*Exercise details*
Write out the records word for word.

*** Opening Listed records ***

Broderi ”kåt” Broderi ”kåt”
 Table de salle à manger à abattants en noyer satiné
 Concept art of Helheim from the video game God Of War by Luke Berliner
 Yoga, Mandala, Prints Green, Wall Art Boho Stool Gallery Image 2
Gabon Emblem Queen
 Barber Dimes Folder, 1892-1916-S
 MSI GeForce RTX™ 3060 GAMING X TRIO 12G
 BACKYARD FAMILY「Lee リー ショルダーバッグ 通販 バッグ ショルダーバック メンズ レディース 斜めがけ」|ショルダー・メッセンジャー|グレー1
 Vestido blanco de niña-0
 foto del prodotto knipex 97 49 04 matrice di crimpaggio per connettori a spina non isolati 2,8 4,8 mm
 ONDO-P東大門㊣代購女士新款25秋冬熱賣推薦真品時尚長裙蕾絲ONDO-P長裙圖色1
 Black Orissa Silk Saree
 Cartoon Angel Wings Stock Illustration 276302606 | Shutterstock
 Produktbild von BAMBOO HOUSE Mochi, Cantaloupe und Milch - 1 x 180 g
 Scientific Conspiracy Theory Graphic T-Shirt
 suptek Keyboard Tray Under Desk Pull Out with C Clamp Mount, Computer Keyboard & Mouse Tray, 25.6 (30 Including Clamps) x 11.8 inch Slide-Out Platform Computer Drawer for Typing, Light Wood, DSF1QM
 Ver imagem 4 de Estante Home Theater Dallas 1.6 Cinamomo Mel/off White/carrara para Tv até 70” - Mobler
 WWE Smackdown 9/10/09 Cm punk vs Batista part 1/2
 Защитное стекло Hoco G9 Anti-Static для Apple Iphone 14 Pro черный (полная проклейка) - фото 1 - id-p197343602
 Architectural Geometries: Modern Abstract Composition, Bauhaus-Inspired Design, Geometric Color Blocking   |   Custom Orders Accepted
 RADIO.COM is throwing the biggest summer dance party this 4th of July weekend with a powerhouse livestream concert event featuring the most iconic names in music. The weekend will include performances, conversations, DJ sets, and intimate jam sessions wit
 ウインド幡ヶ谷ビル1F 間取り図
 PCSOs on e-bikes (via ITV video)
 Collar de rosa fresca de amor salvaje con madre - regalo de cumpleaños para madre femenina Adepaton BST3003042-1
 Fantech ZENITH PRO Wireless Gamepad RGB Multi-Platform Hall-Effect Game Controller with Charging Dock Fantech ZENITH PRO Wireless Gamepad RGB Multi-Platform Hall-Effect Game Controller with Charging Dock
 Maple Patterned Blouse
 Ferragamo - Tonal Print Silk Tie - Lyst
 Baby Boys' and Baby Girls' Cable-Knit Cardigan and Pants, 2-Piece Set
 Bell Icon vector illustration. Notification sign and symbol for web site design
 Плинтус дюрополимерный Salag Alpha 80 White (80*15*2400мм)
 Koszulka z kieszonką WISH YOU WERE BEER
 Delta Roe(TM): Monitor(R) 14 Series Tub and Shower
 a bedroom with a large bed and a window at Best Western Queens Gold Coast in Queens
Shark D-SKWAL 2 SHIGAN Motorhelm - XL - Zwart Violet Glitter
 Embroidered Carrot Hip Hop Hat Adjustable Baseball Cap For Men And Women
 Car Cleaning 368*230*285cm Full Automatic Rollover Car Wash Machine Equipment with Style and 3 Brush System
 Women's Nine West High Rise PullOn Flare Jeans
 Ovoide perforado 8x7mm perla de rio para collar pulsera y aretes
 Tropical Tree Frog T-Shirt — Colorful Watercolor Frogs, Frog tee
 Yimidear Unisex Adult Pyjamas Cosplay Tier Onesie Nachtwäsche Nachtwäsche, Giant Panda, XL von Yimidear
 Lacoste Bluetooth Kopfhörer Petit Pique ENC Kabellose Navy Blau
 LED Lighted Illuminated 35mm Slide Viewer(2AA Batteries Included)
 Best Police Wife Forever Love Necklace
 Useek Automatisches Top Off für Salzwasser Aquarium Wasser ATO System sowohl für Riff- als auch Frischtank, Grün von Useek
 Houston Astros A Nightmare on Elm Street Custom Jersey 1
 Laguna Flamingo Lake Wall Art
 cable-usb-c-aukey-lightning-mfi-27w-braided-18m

*** Closing Listed records ***

*Answer to this exercise*
Broderi ”kåt” Broderi ”kåt”
 Table de salle à manger à abattants en noyer satiné
 Concept art of Helheim from the video game God Of War by Luke Berliner
 Yoga, Mandala, Prints Green, Wall Art Boho Stool Gallery Image 2
Gabon Emblem Queen
 Barber Dimes Folder, 1892-1916-S
 MSI GeForce RTX™ 3060 GAMING X TRIO 12G
 BACKYARD FAMILY「Lee リー ショルダーバッグ 通販 バッグ ショルダーバック メンズ レディース 斜めがけ」|ショルダー・メッセンジャー|グレー1
 Vestido blanco de niña-0
 foto del prodotto knipex 97 49 04 matrice di crimpaggio per connettori a spina non isolati 2,8 4,8 mm
 ONDO-P東大門㊣代購女士新款25秋冬熱賣推薦真品時尚長裙蕾絲ONDO-P長裙圖色1
 Black Orissa Silk Saree
 Cartoon Angel Wings Stock Illustration 276302606 | Shutterstock
 Produktbild von BAMBOO HOUSE Mochi, Cantaloupe und Milch - 1 x 180 g
 Scientific Conspiracy Theory Graphic T-Shirt
 suptek Keyboard Tray Under Desk Pull Out with C Clamp Mount, Computer Keyboard & Mouse Tray, 25.6 (30 Including Clamps) x 11.8 inch Slide-Out Platform Computer Drawer for Typing, Light Wood, DSF1QM
 Ver imagem 4 de Estante Home Theater Dallas 1.6 Cinamomo Mel/off White/carrara para Tv até 70” - Mobler
 WWE Smackdown 9/10/09 Cm punk vs Batista part 1/2
 Защитное стекло Hoco G9 Anti-Static для Apple Iphone 14 Pro черный (полная проклейка) - фото 1 - id-p197343602
 Architectural Geometries: Modern Abstract Composition, Bauhaus-Inspired Design, Geometric Color Blocking   |   Custom Orders Accepted
 RADIO.COM is throwing the biggest summer dance party this 4th of July weekend with a powerhouse livestream concert event featuring the most iconic names in music. The weekend will include performances, conversations, DJ sets, and intimate jam sessions wit
 ウインド幡ヶ谷ビル1F 間取り図
 PCSOs on e-bikes (via ITV video)
 Collar de rosa fresca de amor salvaje con madre - regalo de cumpleaños para madre femenina Adepaton BST3003042-1
 Fantech ZENITH PRO Wireless Gamepad RGB Multi-Platform Hall-Effect Game Controller with Charging Dock Fantech ZENITH PRO Wireless Gamepad RGB Multi-Platform Hall-Effect Game Controller with Charging Dock
 Maple Patterned Blouse
 Ferragamo - Tonal Print Silk Tie - Lyst
 Baby Boys' and Baby Girls' Cable-Knit Cardigan and Pants, 2-Piece Set
 Bell Icon vector illustration. Notification sign and symbol for web site design
 Плинтус дюрополимерный Salag Alpha 80 White (80*15*2400мм)
 Koszulka z kieszonką WISH YOU WERE BEER
 Delta Roe(TM): Monitor(R) 14 Series Tub and Shower
 a bedroom with a large bed and a window at Best Western Queens Gold Coast in Queens
Shark D-SKWAL 2 SHIGAN Motorhelm - XL - Zwart Violet Glitter
 Embroidered Carrot Hip Hop Hat Adjustable Baseball Cap For Men And Women
 Car Cleaning 368*230*285cm Full Automatic Rollover Car Wash Machine Equipment with Style and 3 Brush System
 Women's Nine West High Rise PullOn Flare Jeans
 Ovoide perforado 8x7mm perla de rio para collar pulsera y aretes
 Tropical Tree Frog T-Shirt — Colorful Watercolor Frogs, Frog tee
 Yimidear Unisex Adult Pyjamas Cosplay Tier Onesie Nachtwäsche Nachtwäsche, Giant Panda, XL von Yimidear
 Lacoste Bluetooth Kopfhörer Petit Pique ENC Kabellose Navy Blau
 LED Lighted Illuminated 35mm Slide Viewer(2AA Batteries Included)
 Best Police Wife Forever Love Necklace
 Useek Automatisches Top Off für Salzwasser Aquarium Wasser ATO System sowohl für Riff- als auch Frischtank, Grün von Useek
 Houston Astros A Nightmare on Elm Street Custom Jersey 1
 Laguna Flamingo Lake Wall Art
 cable-usb-c-aukey-lightning-mfi-27w-braided-18m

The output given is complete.